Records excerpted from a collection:
---

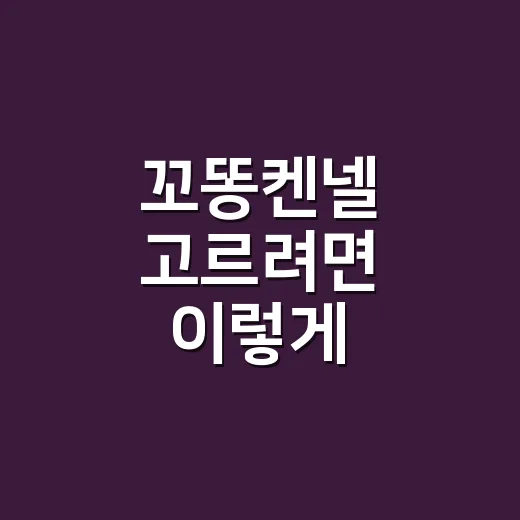 꼬똥켄넬 고르려면 이렇게 확인하세요 - 요약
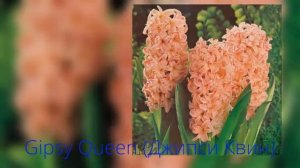 Гиацинт Gipsy Queen (Джипси Кyин)
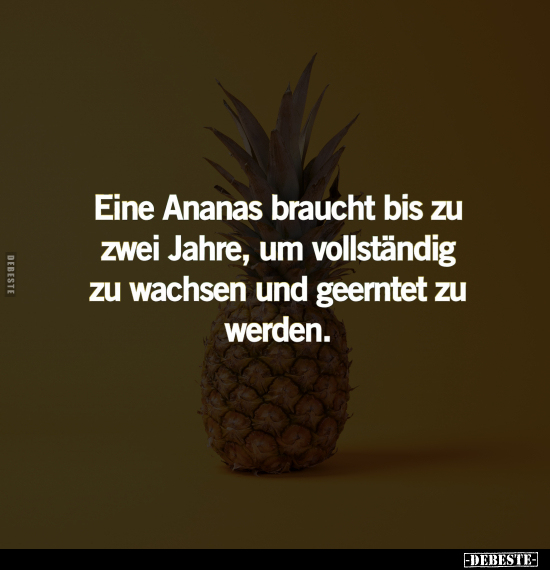 Eine Ananas braucht bis zu zwei Jahre.. - Lustige Bilder | DEBESTE.de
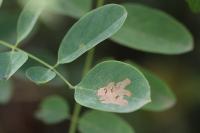 Parectopa robiniella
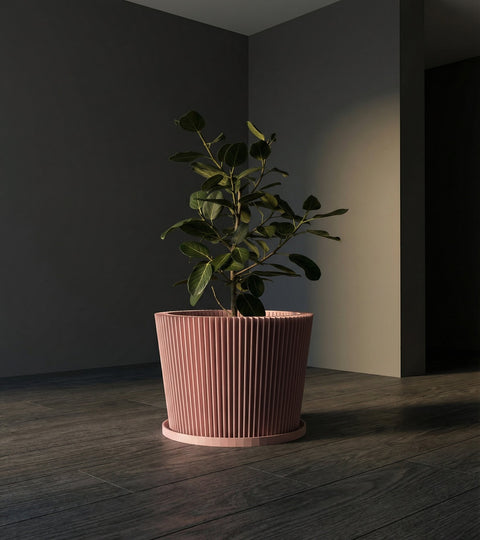 A pink planter pot with a geometric pattern sits on a dark wooden surface, holding a vibrant plant with pink and green leaves.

---

> _Work order_
In the records above, the lines from the one containing "Eine Ananas braucht" through the last line are to be written out exactly, both ends included and pictures omitted.

> _Answer to the exercise_
 Eine Ananas braucht bis zu zwei Jahre.. - Lustige Bilder | DEBESTE.de
 Parectopa robiniella
 A pink planter pot with a geometric pattern sits on a dark wooden surface, holding a vibrant plant with pink and green leaves.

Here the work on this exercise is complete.